Jizil was a deep gorge some two hundred yards in width, full of tamarisk sprouting from the bed of drifted sand, as well as from the soft twenty-foot banks, heaped up wherever an eddy in flood or wind had laid the heavier dust under the returns of cliffs. The walls each side were of regular bands of sandstone, streaked red in many shades. The union of dark cliffs, pink floors, and pale green shrubbery was beautiful to eyes sated with months of sunlight and sooty shadow. When evening came, the declining sun crimsoned one side of the valley with its glow, leaving the other in purple gloom.
Our camp was on some swelling dunes of weedy sand in an elbow of the valley, where a narrow cleft had set up a back-wash and scooped out a basin in which a brackish remnant of last winter's flood was caught. We sent a man for news up the valley to an oleander thicket where we saw the white peaks of Sharraf's tents. They expected him next day; so we passed two nights in this strange-coloured, echoing place. The brackish pool was fit for our camels, and in it we bathed at noon. Then we ate and slept generously, and wandered in the nearer valleys to see the horizontal stripes of pink and brown and cream and red which made up the general redness of the cliffs, delighting in the varied patterns of thin pencillings of lighter or darker tint which were drawn over the plain body of rock. One afternoon I spent behind some shepherd's fold of sandstone blocks in warm soft air and sunlight, with a low burden of the wind plucking at the rough wall-top above my head. The valley was instinct with peace, and the wind's continuing noise made even it seem patient.

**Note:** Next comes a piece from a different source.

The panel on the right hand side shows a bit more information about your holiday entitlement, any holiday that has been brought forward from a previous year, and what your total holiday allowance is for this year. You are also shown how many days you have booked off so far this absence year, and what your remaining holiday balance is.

My eyes were shut and I was dreaming, when a youthful voice made me see an anxious Ageyli, a stranger, Daud, squatting by me. He appealed for my compassion. His friend Farraj had burned their tent in a frolic, and Saad, captain of Sharraf's Ageyl was going to beat him in punishment. At my intercession he would be released. Saad happened, just then, to visit me, and I put it to him, while Daud sat watching us, his mouth slightly, eagerly, open; his eyelids narrowed over large, dark eyes, and his straight brows furrowed with anxiety. Daud's pupils, set a little in from the centre of the eyeball, gave him an air of acute readiness.

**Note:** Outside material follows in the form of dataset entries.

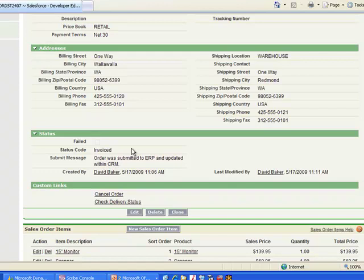So what you've just seen is an integration of a Salesforce opportunity that was converted into a sales order and then subsequently submitted automatically to our back office DynamicsGP ERP application for that invoicing process.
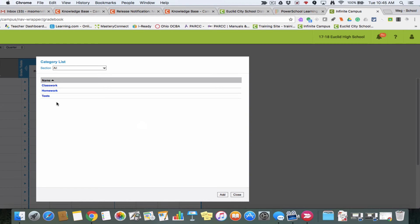If you have any questions about setting up categories, please feel free to email me at MSomerville@EuclidSchools.org. Have a great day!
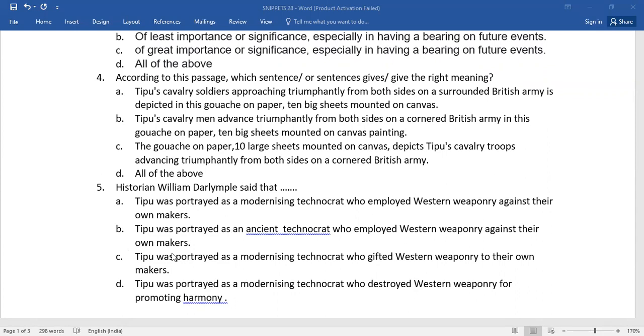If your answers coincide with mine, bingo, you get full marks.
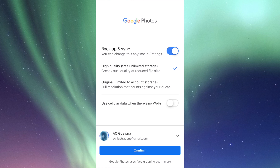The first option is 'High Quality — free unlimited storage.' The second option is 'Original — limited account storage.' With limited storage you get 15GB, and your photos and videos will be at full size but capped at that. With high quality you still get up to 16 megapixels for images and 1080p video. So if you're recording in 4K, those will be downsized, same with images — but they look just fine.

Saad's reply was not comforting. The pair were always in trouble, and of late so outrageous in their tricks that Sharraf, the severe, had ordered an example to be made of them. All he could do for my sake was to let Daud share the ordained sentence. Daud leaped at the chance, kissed my hand and Saad's and ran off up the valley; while Saad, laughing, told me stories of the famous pair. They were an instance of the eastern boy and boy affection which the segregation of women made inevitable. Such friendships often led to manly loves of a depth and force beyond our flesh-steeped conceit. When innocent they were hot and unashamed. If sexuality entered, they passed into a give and take, unspiritual relation, like marriage.